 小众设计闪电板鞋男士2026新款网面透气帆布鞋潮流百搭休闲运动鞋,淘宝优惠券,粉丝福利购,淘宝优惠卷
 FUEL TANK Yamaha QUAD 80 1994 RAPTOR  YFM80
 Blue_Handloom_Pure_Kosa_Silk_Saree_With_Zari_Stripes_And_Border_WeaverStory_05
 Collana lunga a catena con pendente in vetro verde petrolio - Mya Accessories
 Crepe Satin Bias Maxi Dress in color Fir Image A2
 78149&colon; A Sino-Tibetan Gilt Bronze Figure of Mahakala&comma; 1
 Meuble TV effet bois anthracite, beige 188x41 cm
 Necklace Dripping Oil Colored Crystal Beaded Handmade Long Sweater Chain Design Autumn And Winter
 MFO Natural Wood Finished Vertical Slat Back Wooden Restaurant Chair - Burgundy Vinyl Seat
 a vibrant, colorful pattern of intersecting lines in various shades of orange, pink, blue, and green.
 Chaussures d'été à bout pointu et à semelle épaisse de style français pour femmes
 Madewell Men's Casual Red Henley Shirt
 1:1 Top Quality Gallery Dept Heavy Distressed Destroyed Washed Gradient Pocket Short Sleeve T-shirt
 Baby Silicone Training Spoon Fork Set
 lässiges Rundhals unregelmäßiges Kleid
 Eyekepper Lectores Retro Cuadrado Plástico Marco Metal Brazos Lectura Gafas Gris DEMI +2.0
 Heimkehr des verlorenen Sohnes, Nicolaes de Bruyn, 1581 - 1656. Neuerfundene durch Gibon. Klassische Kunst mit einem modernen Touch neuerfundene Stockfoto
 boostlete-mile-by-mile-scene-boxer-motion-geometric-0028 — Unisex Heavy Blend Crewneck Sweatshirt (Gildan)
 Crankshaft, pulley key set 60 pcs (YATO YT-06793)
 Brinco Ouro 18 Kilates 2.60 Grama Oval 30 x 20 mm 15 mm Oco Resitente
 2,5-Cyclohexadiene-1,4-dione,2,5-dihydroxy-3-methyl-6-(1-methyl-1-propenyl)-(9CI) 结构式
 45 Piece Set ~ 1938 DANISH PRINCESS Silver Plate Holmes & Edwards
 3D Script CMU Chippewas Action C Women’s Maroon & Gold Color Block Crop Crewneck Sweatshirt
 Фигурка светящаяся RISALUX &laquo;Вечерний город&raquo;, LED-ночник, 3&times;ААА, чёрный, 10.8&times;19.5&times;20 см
----------------------------------------
EXERCISE :: Look above and repeat, character for character, the lines from the first one to the line with "Necklace Dripping Oil", counting both.

OUTPUT OF THE TASK ::
 小众设计闪电板鞋男士2026新款网面透气帆布鞋潮流百搭休闲运动鞋,淘宝优惠券,粉丝福利购,淘宝优惠卷
 FUEL TANK Yamaha QUAD 80 1994 RAPTOR  YFM80
 Blue_Handloom_Pure_Kosa_Silk_Saree_With_Zari_Stripes_And_Border_WeaverStory_05
 Collana lunga a catena con pendente in vetro verde petrolio - Mya Accessories
 Crepe Satin Bias Maxi Dress in color Fir Image A2
 78149&colon; A Sino-Tibetan Gilt Bronze Figure of Mahakala&comma; 1
 Meuble TV effet bois anthracite, beige 188x41 cm
 Necklace Dripping Oil Colored Crystal Beaded Handmade Long Sweater Chain Design Autumn And Winter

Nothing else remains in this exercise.